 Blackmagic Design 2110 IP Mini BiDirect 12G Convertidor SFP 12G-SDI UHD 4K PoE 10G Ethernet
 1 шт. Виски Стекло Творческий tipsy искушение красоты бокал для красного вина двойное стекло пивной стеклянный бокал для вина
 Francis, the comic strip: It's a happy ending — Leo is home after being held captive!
__________
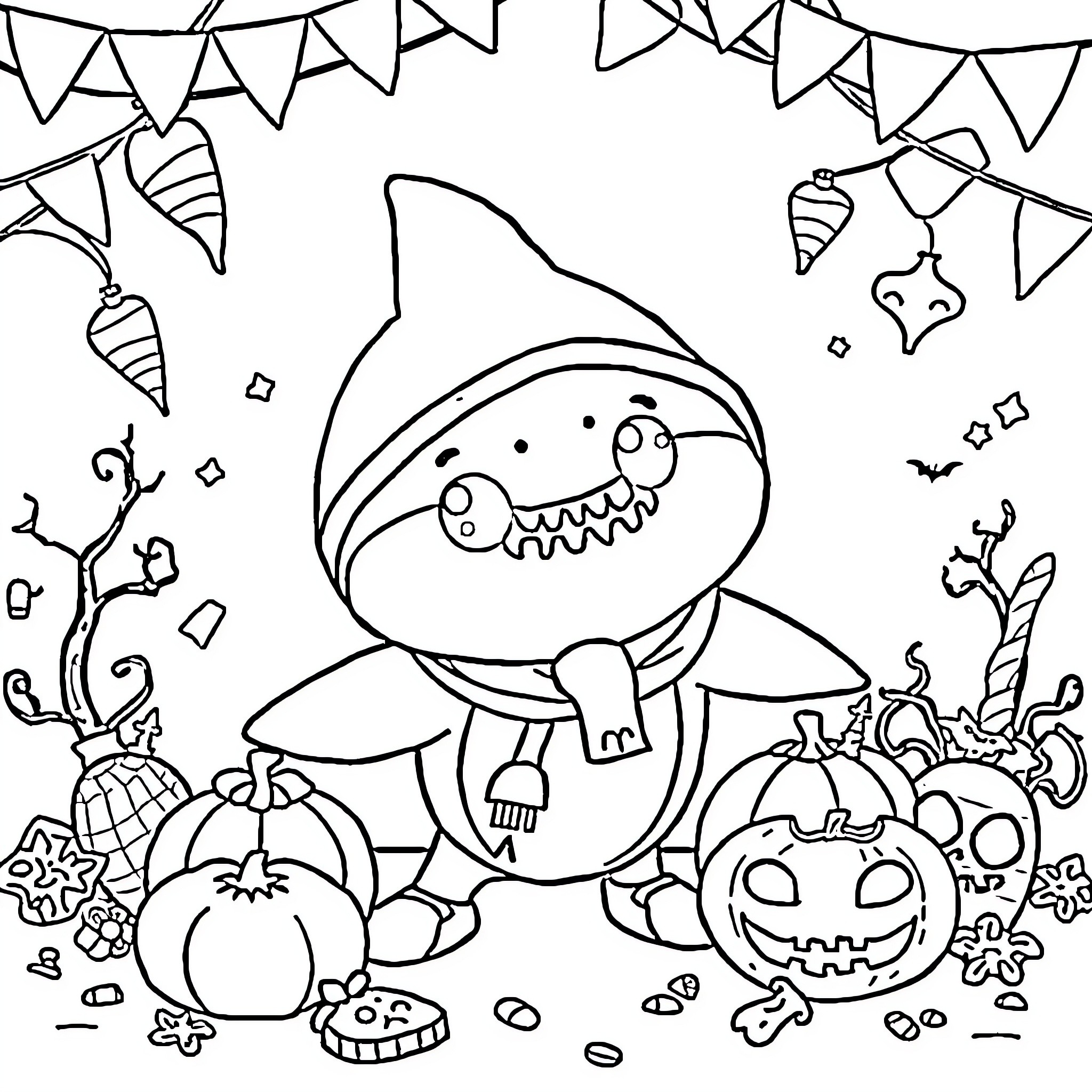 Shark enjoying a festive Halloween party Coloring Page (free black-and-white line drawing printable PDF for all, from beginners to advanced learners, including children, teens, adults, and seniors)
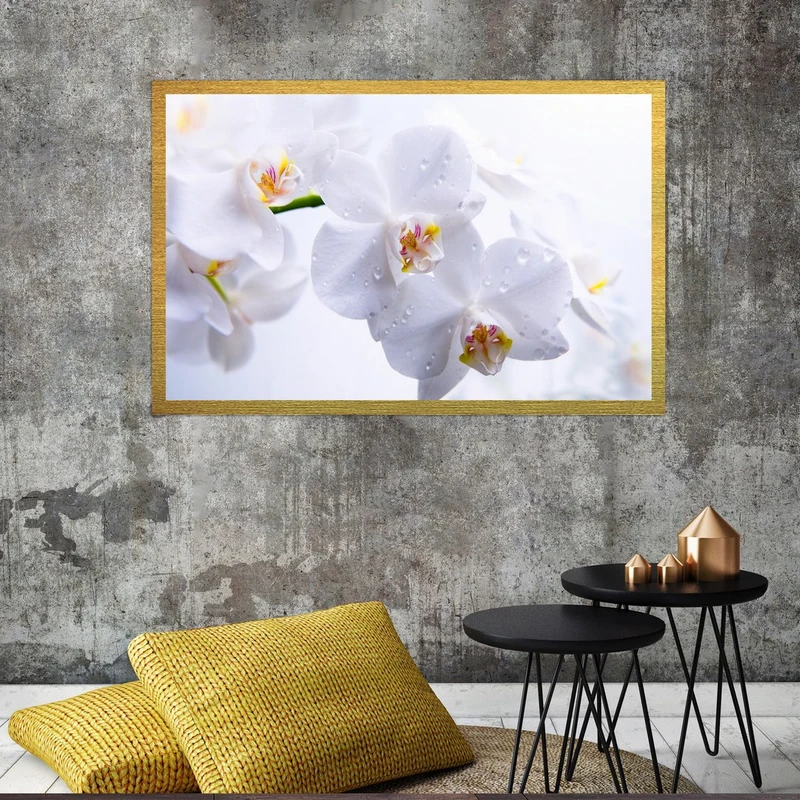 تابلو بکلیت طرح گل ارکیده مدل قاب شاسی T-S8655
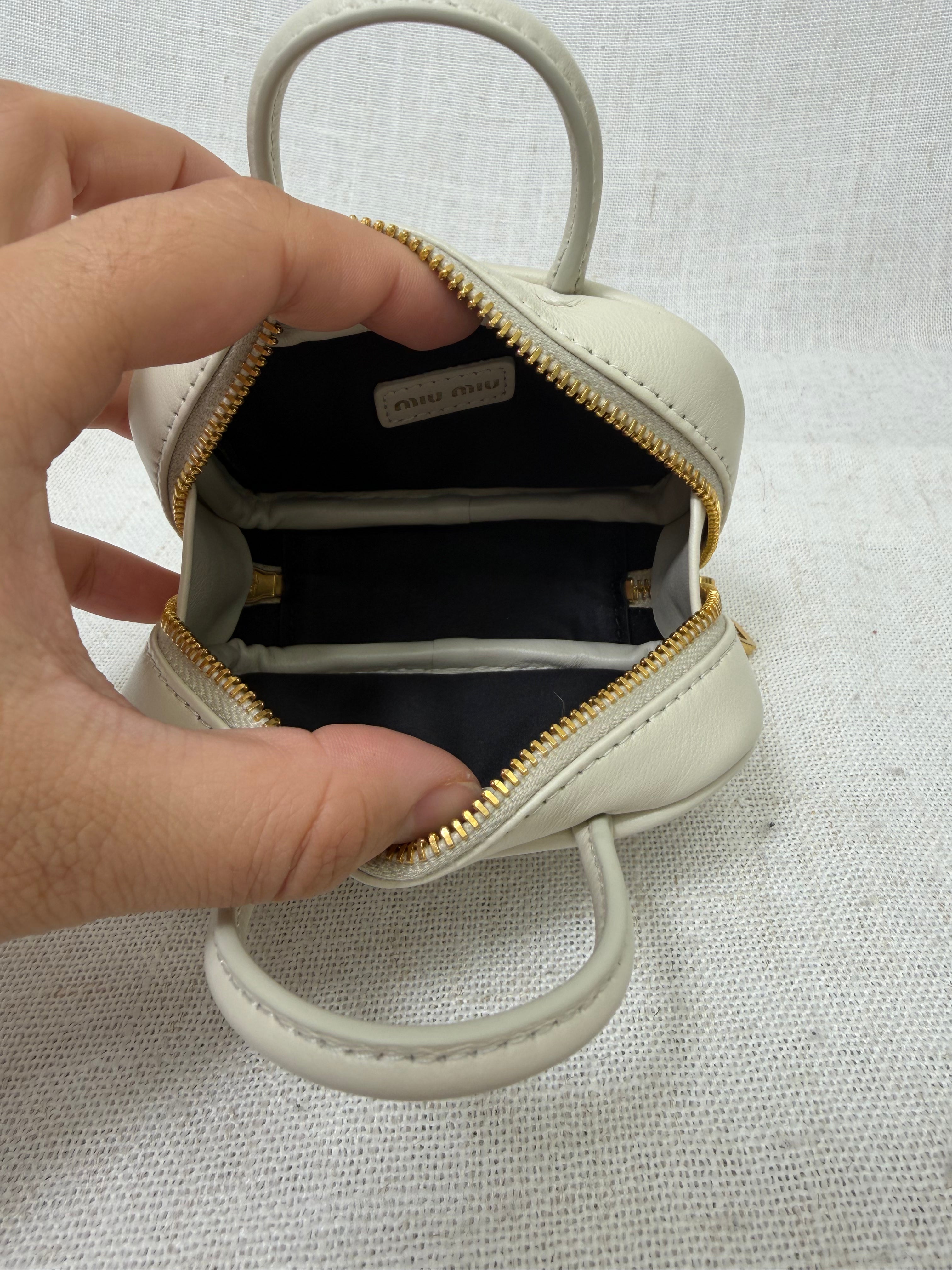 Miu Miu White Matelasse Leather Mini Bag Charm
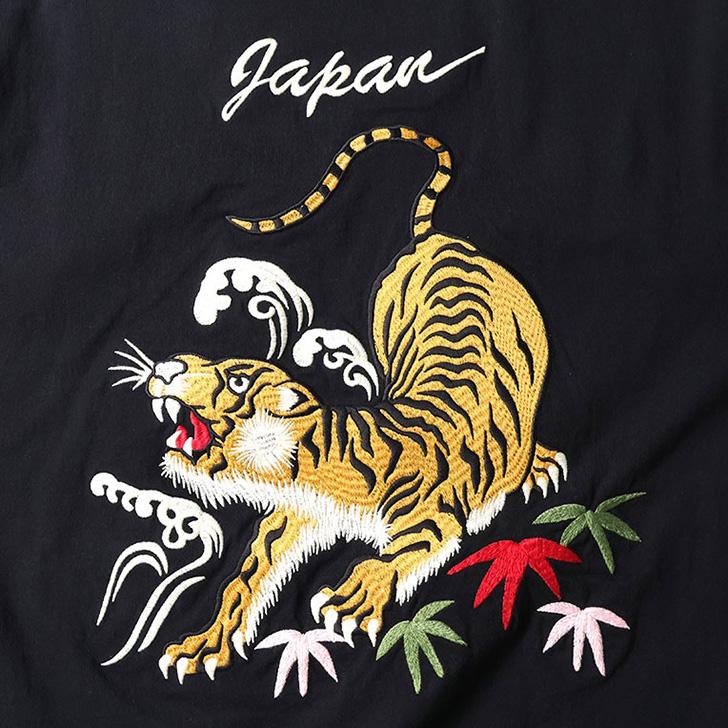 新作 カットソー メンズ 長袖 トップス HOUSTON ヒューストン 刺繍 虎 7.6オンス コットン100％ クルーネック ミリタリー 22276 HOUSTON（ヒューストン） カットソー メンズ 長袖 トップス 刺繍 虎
__________
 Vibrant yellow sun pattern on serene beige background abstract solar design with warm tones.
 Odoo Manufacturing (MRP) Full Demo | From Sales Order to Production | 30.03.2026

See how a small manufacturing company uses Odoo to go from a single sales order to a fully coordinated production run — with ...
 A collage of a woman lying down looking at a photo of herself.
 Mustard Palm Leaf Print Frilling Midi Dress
__________
[What is required] Starting at the line above that holds "Miu Miu White", return each line up to and including the one that holds "新作 カットソー メンズ", exactly as written, minus any pictures.

[Your solution]
 Miu Miu White Matelasse Leather Mini Bag Charm
 新作 カットソー メンズ 長袖 トップス HOUSTON ヒューストン 刺繍 虎 7.6オンス コットン100％ クルーネック ミリタリー 22276 HOUSTON（ヒューストン） カットソー メンズ 長袖 トップス 刺繍 虎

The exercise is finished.